She was silent. She dared not tell her father the reason; therefore, in order to turn the subject, she replied, with a forced laugh, "Oh, well, of course, I may be mistaken; but that's my opinion."

"A mere prejudice, child; I'm sure it is. As far as I know, Flockart is quite an excellent fellow, and is most kind both to your mother and to myself."

Gabrielle's brow contracted. Disengaging herself, she rose to her feet, and, after a pause, asked, "What reply shall I send to the report, dad?"

"Ah, that report!" gasped the man, huddled up in his chair in serious reflection. "That report!" he repeated, rising to straighten himself. "Reply in these words: 'No effort is to be made to save the child's life. On the contrary, it is to be so neglected as to produce a fatal termination.'"

The girl had seated herself at the typewriter and rapidly clicked out the words in French—words that seemed ominous enough, and yet the true meaning of which she never dreamed. She was thinking only of her father's misplaced friendship in James Flockart. If she dared to tell him the naked truth! Oh, if her poor, blind, afflicted father could only see!

CHAPTER X
DECLARES A WOMAN'S LOVE

At nine o'clock that night Gabrielle left her father, and ascended to her own pretty room, with its light chintz-covered furniture, its well-filled bamboo bookcases, its little writing-table, and its narrow bed in the alcove. It was a nest of rest and cosy comfort.

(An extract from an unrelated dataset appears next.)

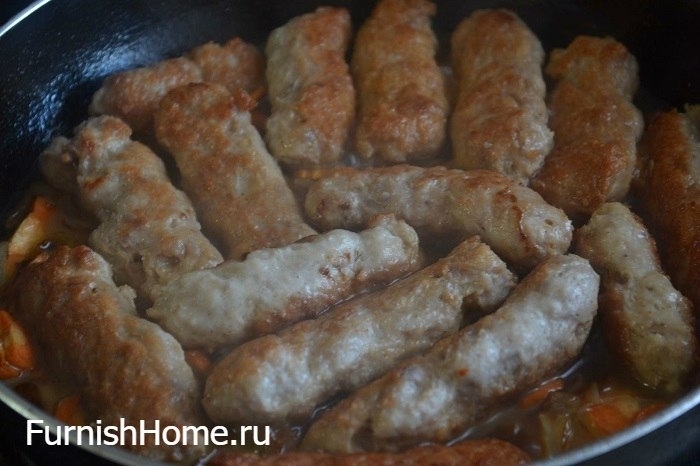 Мясные колбаски «Чевапчичи»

Exchanging her tweed dress, she put on an easy dressing-gown of pale blue cashmere, drew up an armchair, and, arranging her electric reading-lamp, sat down to a new novel she intended to finish.

Presently Elise came to her; but, looking up, she said she did not wish to be disturbed, and again coiled herself up in the chair, endeavouring to concentrate her thoughts upon her book. But all to no purpose. Ever and anon she would lift her big eyes from the printed page, sigh, and stare fixedly at the rose-coloured trellis pattern of the wall-paper opposite. Upon her there had fallen a feeling of vague apprehension such as she had never before experienced, a feeling that something was about to happen.

Lady Heyburn was, she knew, greatly annoyed that she had not made her appearance at dinner or in the drawing-room afterwards. Generally, when there were guests from the neighbourhood, she was compelled to sing one or other of her Italian songs. Her refusal to come to dinner would, she knew, cause her ladyship much chagrin, for it showed plainly to the guests that her authority over her step-daughter was entirely at an end.

Just as the stable-clock chimed half-past ten there came a light tap at the door. It was Hill, who, on receiving permission to enter, said, "If you please, miss, Mr. Murie has just asked me to give you this"; and he handed her an envelope.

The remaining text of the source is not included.